**Work task:**
Transcribe all of the records word for word, please, omitting the pictures.

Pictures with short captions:
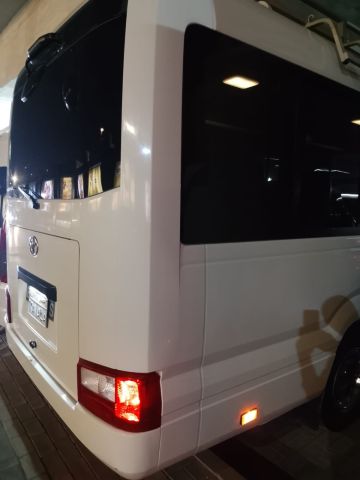 إيجار ميني باص تويوتا كوستر 21 فرداً للسفر والرحلات 2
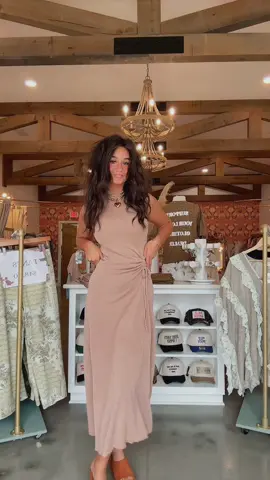 A moment for this dress ✨ #maxidress #fallfashion #style #girly #outfits 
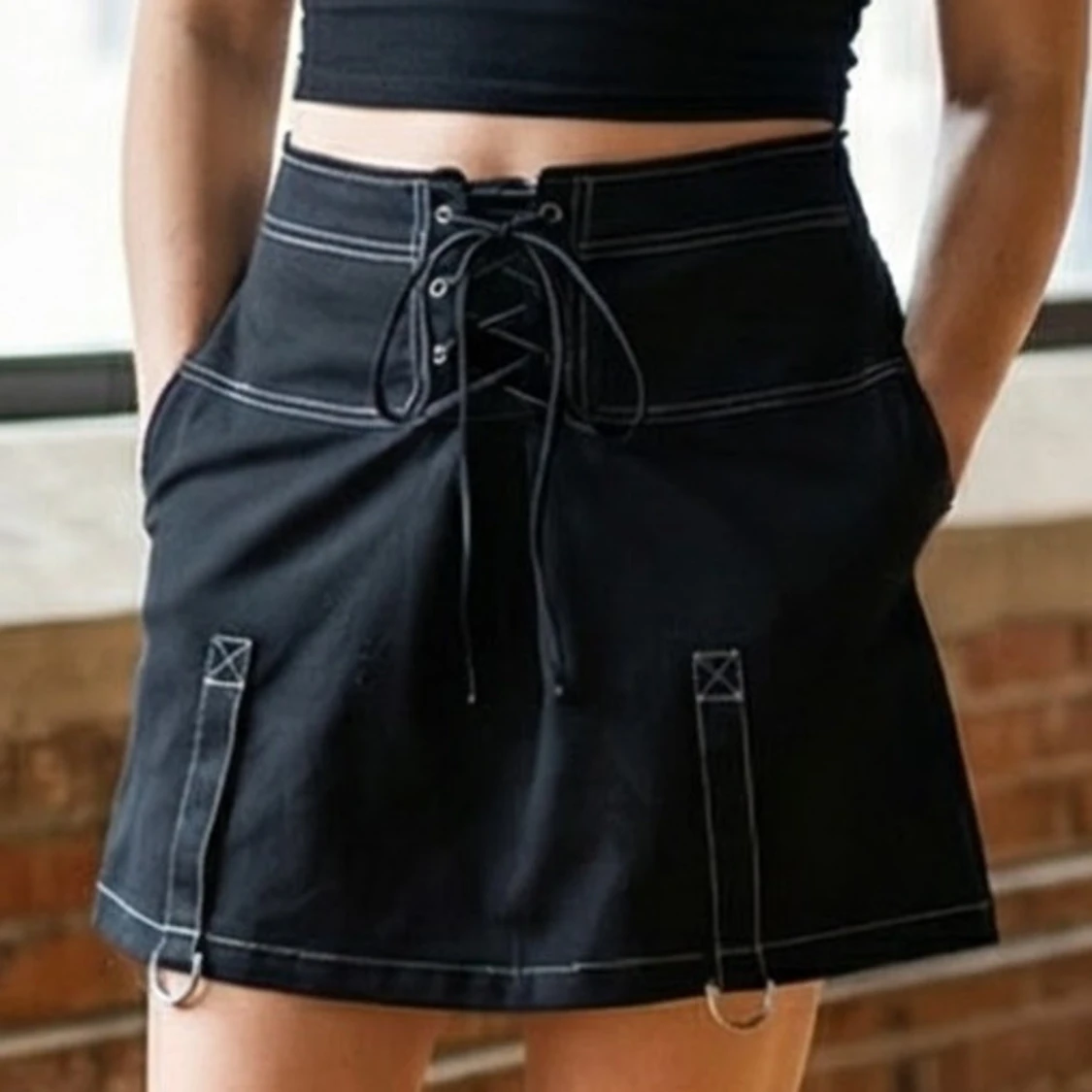 Svart kortkjol med snörning - 1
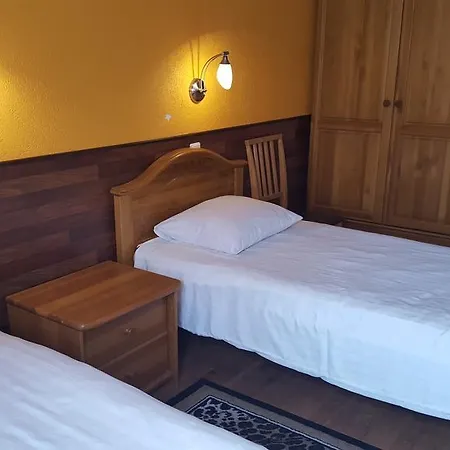 Strops Guest house *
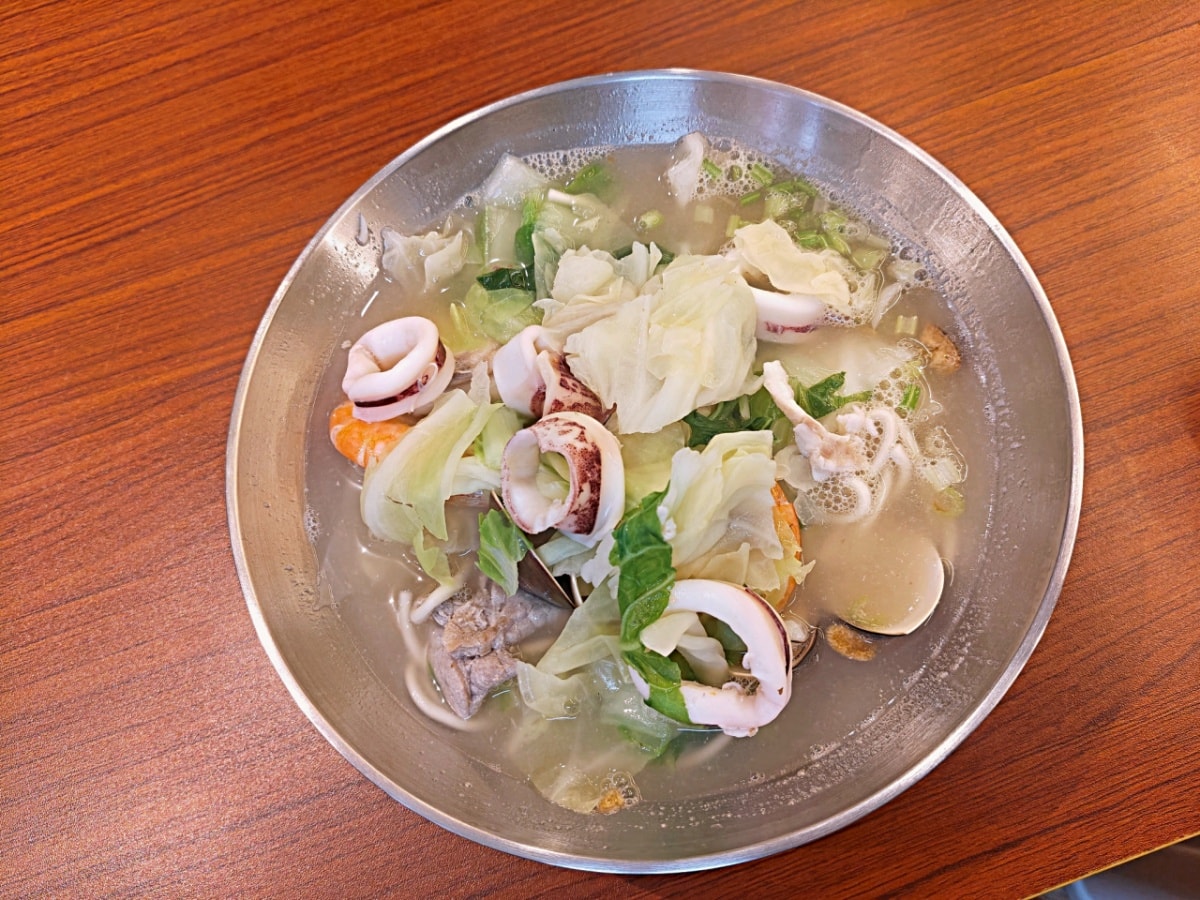 忠孝敦化平價美食|湯之味海鮮麵評論:上班族午餐排隊店 - 第6張圖 忠孝敦化平價美食|湯之味海鮮麵評論:上班族午餐排隊店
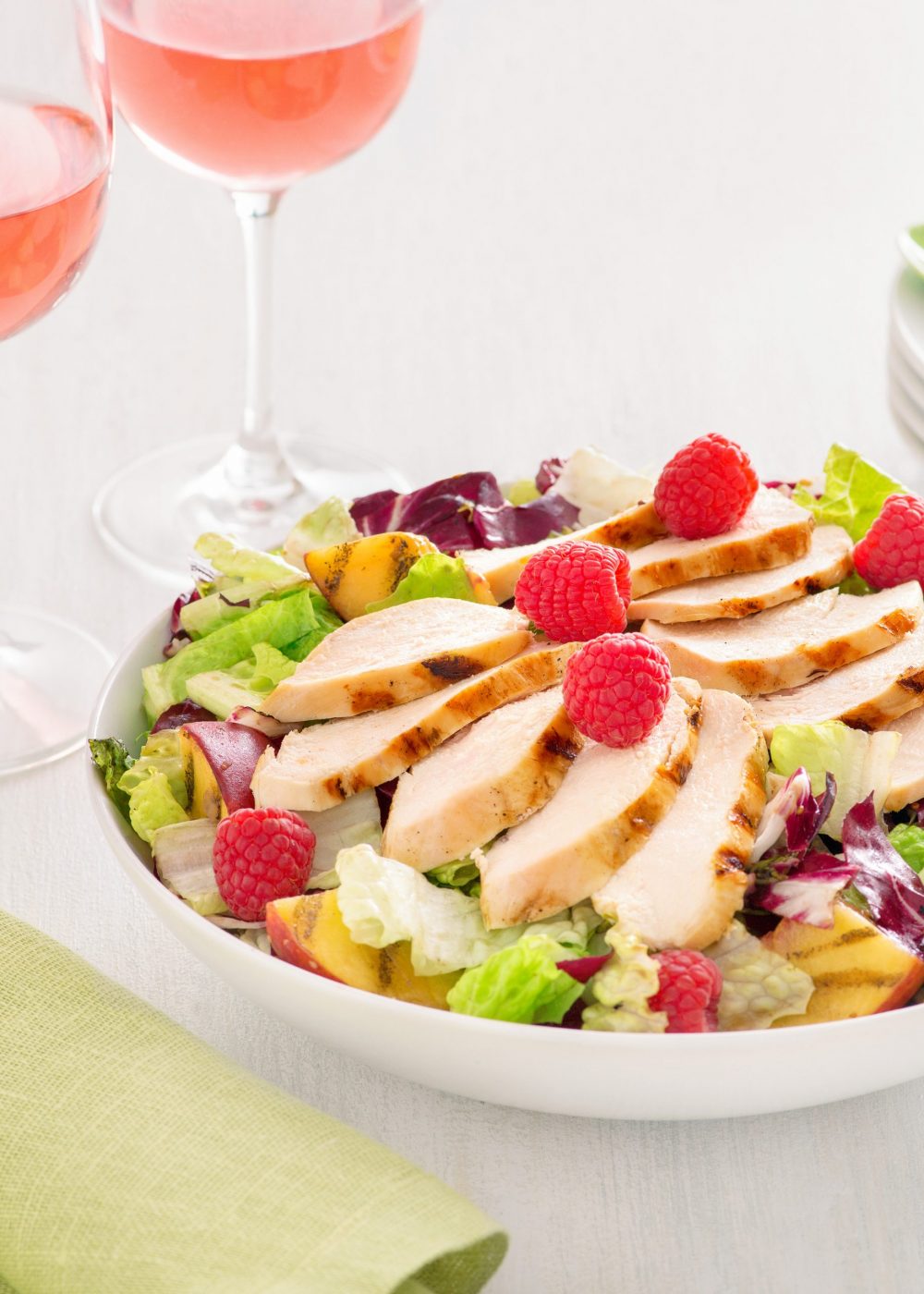 Grilled Chicken Salad with Peach Raspberry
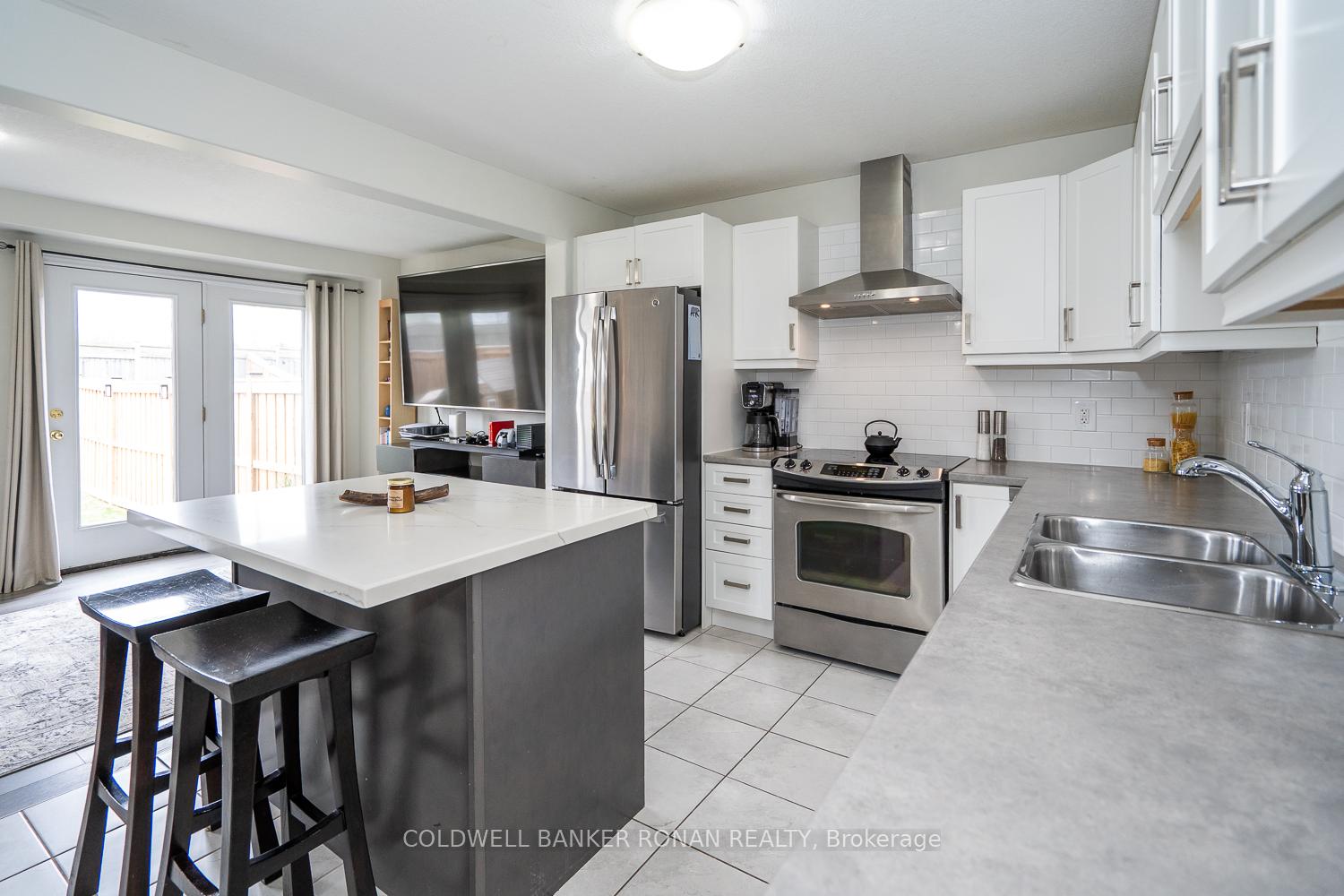 Photo 14 of 197 Hutchinson Drive, New Tecumseth, Alliston — HOMEH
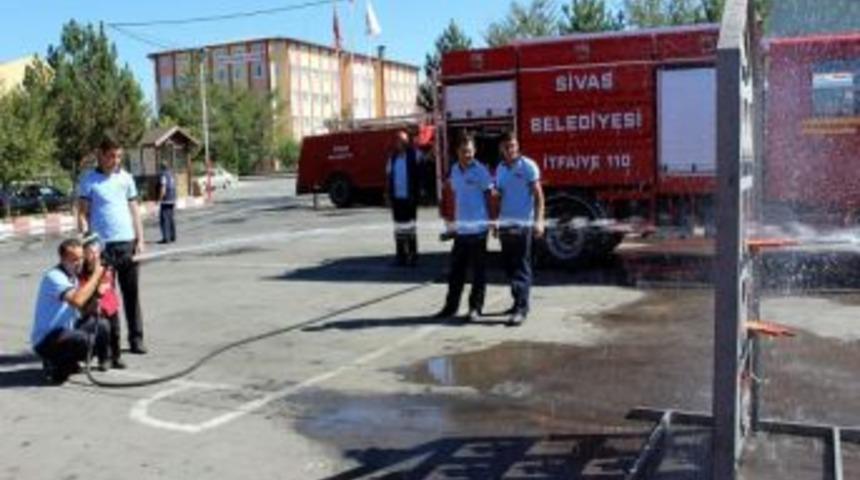 Anaokulu &Ouml;ğrencileri İtfaiyeyi Ziyaret Etti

**Response to this task:**
 إيجار ميني باص تويوتا كوستر 21 فرداً للسفر والرحلات 2
 A moment for this dress ✨ #maxidress #fallfashion #style #girly #outfits 
 Svart kortkjol med snörning - 1
 Strops Guest house *
 忠孝敦化平價美食|湯之味海鮮麵評論:上班族午餐排隊店 - 第6張圖 忠孝敦化平價美食|湯之味海鮮麵評論:上班族午餐排隊店
 Grilled Chicken Salad with Peach Raspberry
 Photo 14 of 197 Hutchinson Drive, New Tecumseth, Alliston — HOMEH
 Anaokulu &Ouml;ğrencileri İtfaiyeyi Ziyaret Etti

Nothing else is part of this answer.